Physical meets digital for this interactive art sculpture, recently unveiled at the Henry B. González Convention Center. Eventscape teamed up with Jason Bruges Studio of London, UK to bring this “Liquid Crystal” to life. Inspired by the flows of the San Antonio River and the flux of the convention center’s visitors, the sculpture interacts with a rippling, shimmering effect according to its surrounding activity.

The tower spans 32 feet high by 6 ft on all 3 sides, creating the piece’s triangularity. The main structure is composed of 3 vertical tubular steel struts with cross-bracing support. 132 steel standoffs were welded onto each vertical to hold the “skins” in place and house electrical. The skin, 1” thick polycarbonate panels, hold the steel framed LCD modular pyramids in place.
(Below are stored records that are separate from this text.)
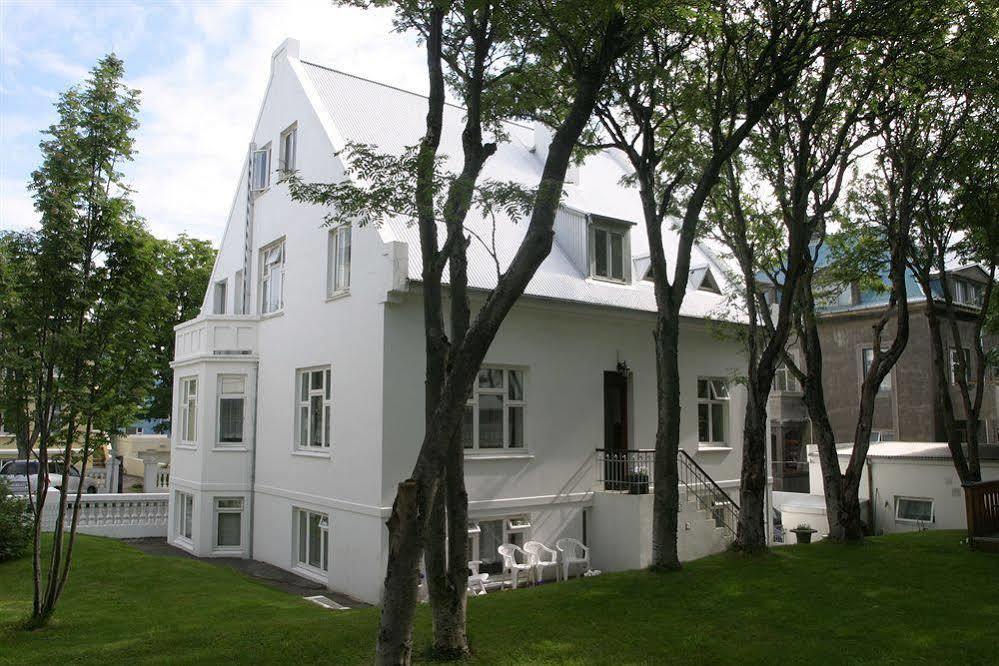 Hotel Hilda Рейк'явік Екстер'єр фото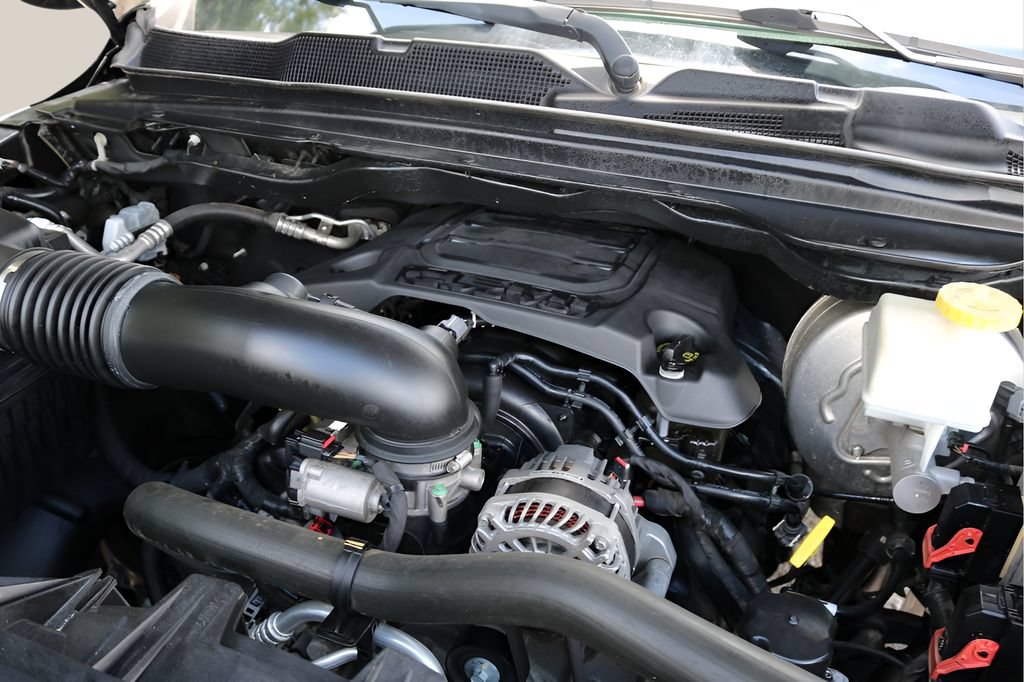 Used 2021 RAM 1500 Lone Star AWD/4WD image 11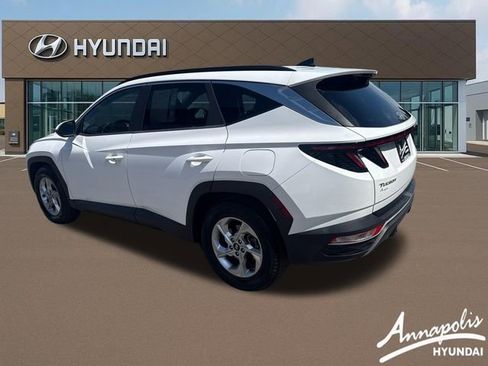 Used 2022 Hyundai Tucson SEL FWD image 3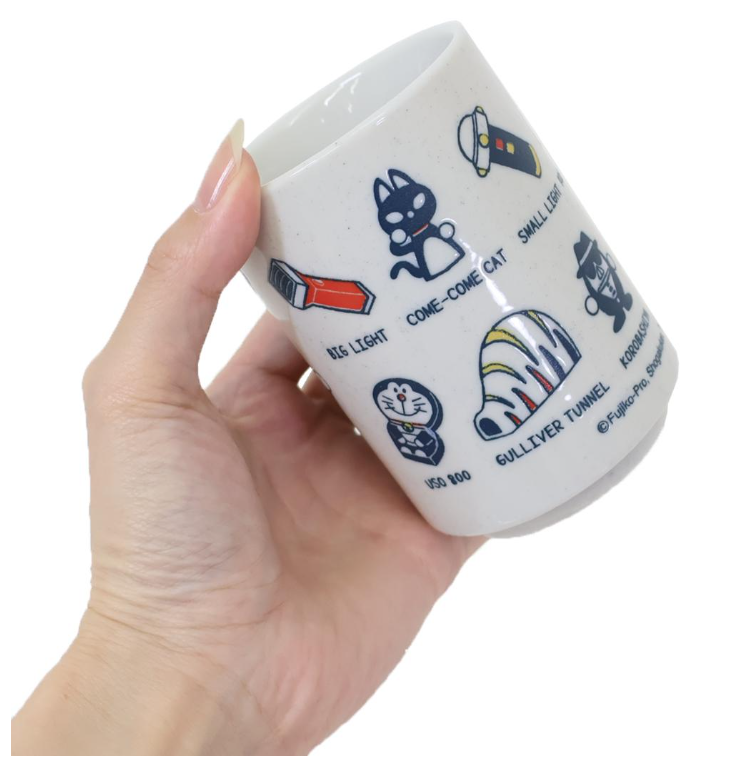 【湯呑】ドラえもん 湯呑 ひみつ道具 - 画像 (3)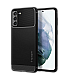 Spigen Samsung S21, Rugged Armor, M..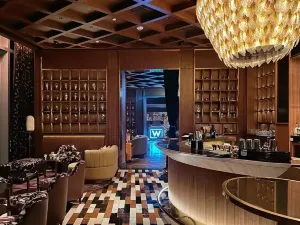 Blind Tiger(澳門新濠影滙W飯店)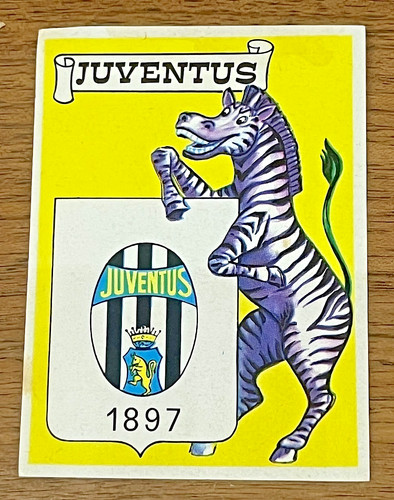 Rara figurina scudetto - figurina,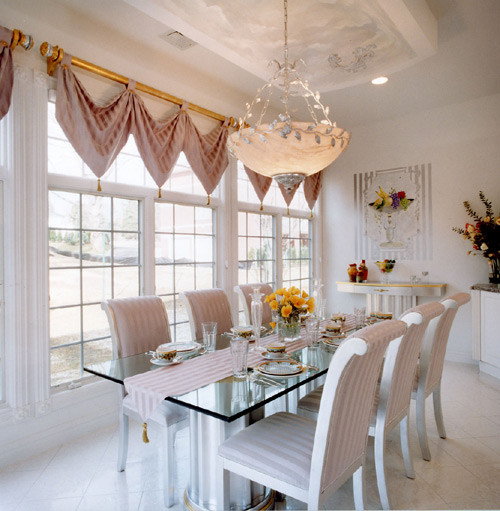 American & International Designs Portfolio of Residential Interior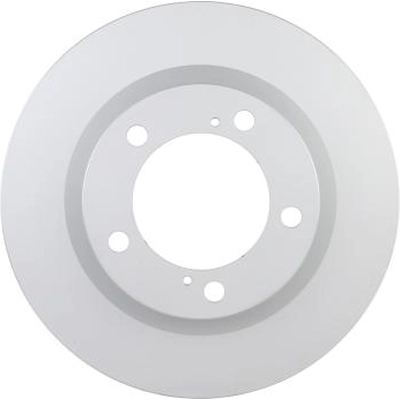 Front Disc Brake Rotor by BOSCH - 50011498 pa2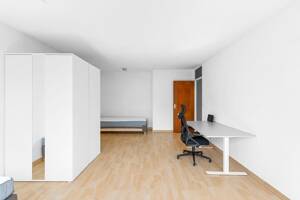 Großzügige 5-Zimmer-Wohnung mit Balkon, Garage – 93057 Regensburg – Vorschaubild 5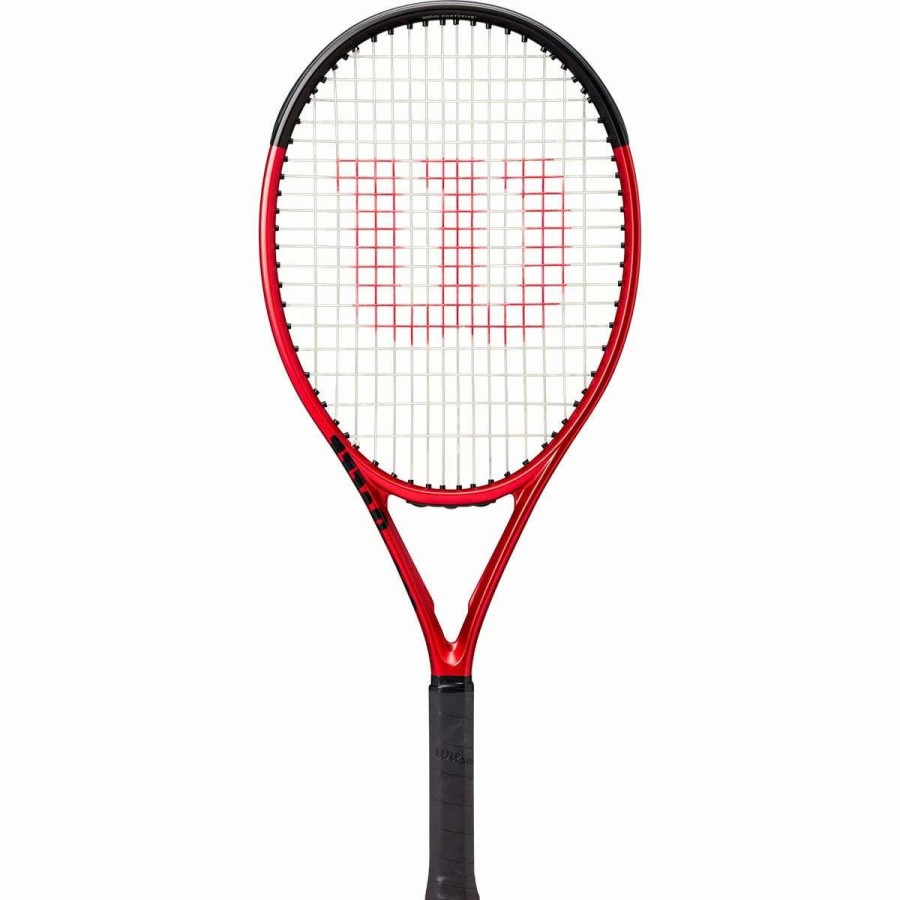 Junior Rackets (Level) * | Wilson Clash 25 V2 Junior Tennis Racket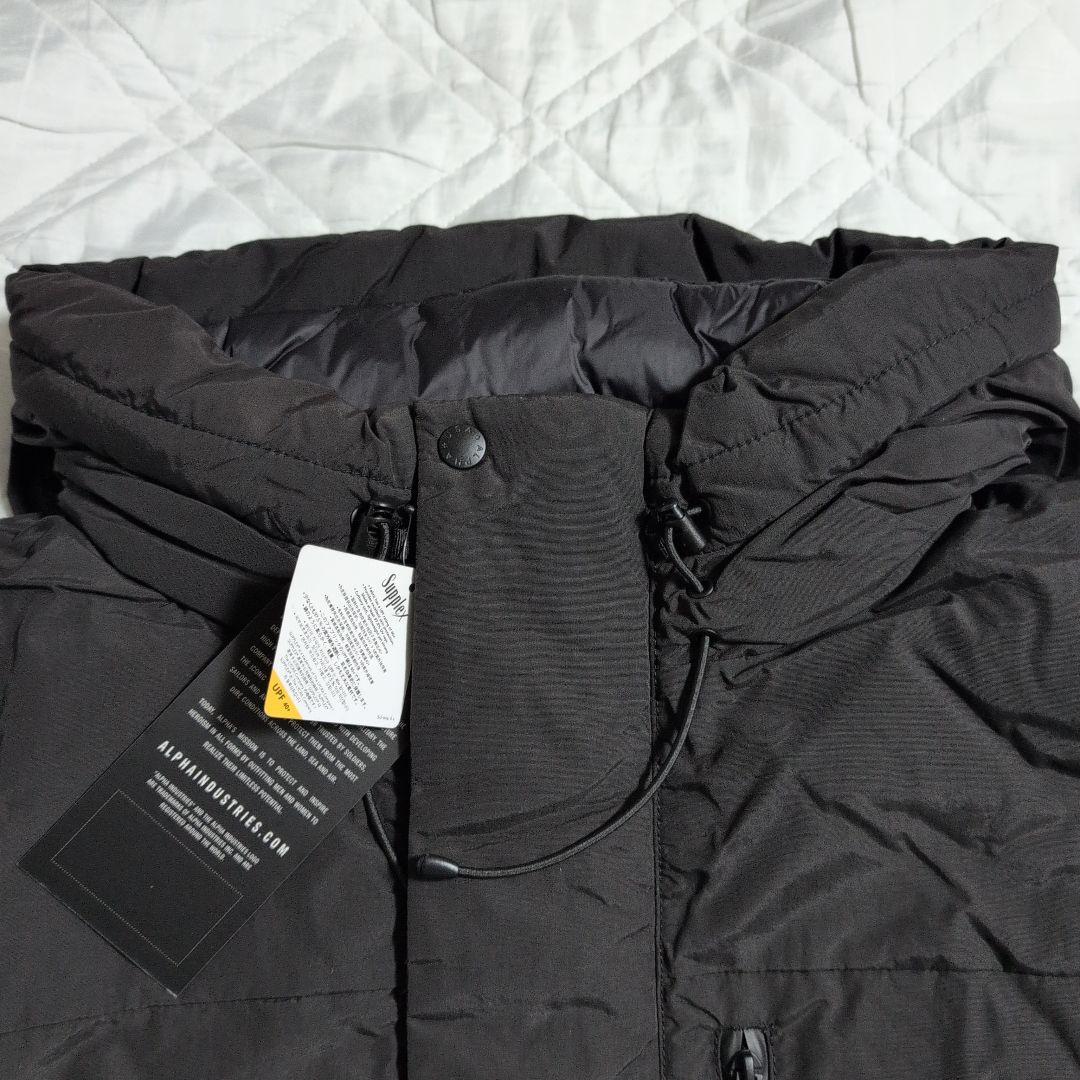 新品　アルファ インダストリーズ　アバランチジャケット 防寒　保温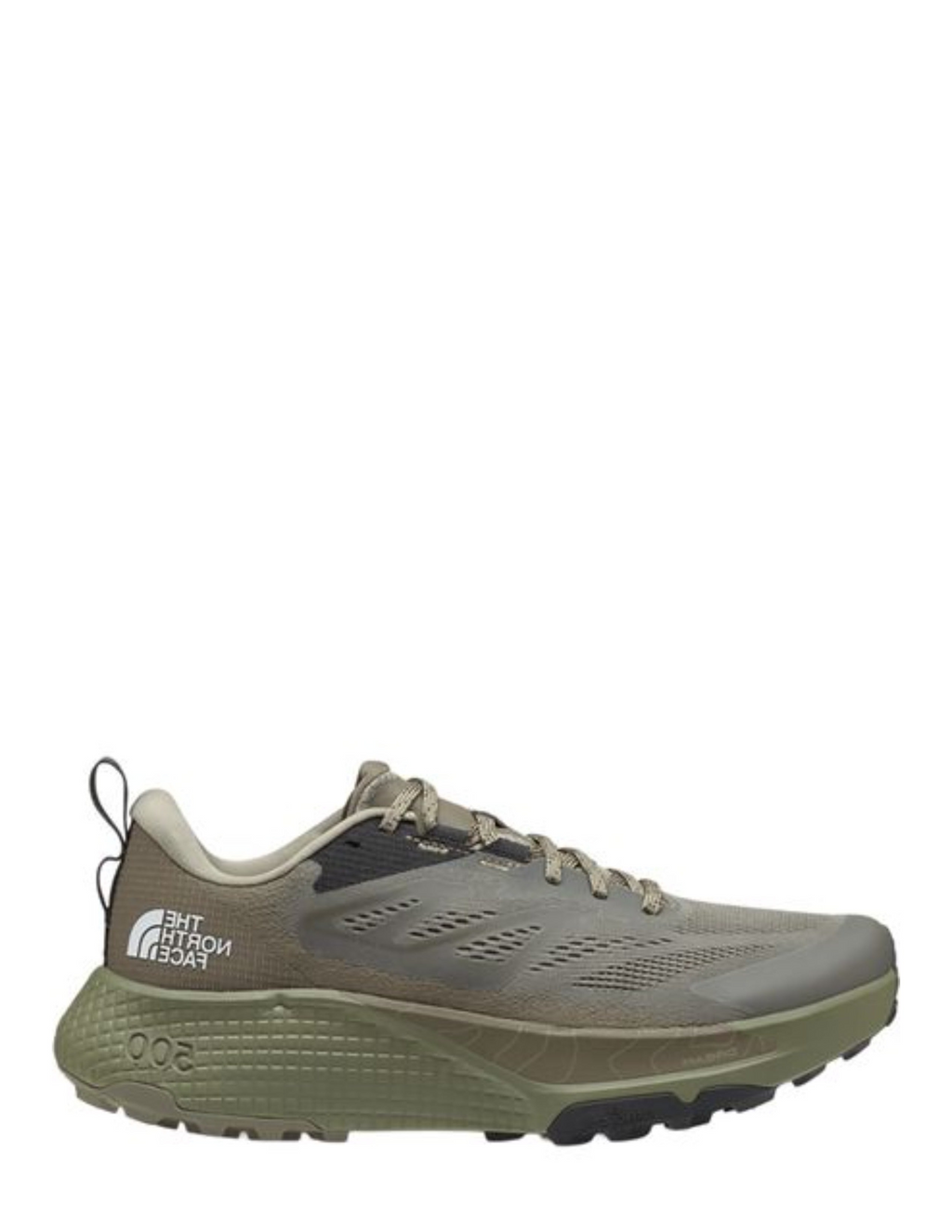 The North facee Altamesa 500 trail Grey Green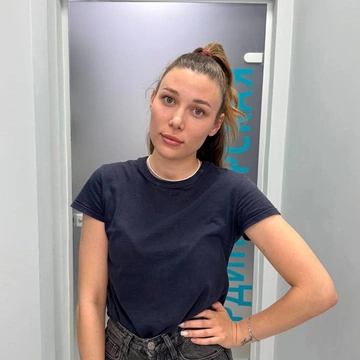 Гаврилова Анастасия Андреевна, Администратор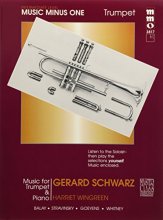 Cover art for Intermediate Trumpet Solos - Volume 3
These panels plug into individual circuit boards housed in the vertical struts which connect to the cameras installed on the top of the structure. These cameras monitor how many people move within the space and visually transmit the information down to each pyramid creating a transparent and opaque undulation. The more people in the space the more intense the pattern becomes on the tower.

Unique Characteristics & Project Challenges

Jason Bruges Studio did thorough R&D work prior to their relationship with Eventscape. The specificity of the custom triangular LCD screens drove the design of each individual pyramid frame, the panels and overall structure.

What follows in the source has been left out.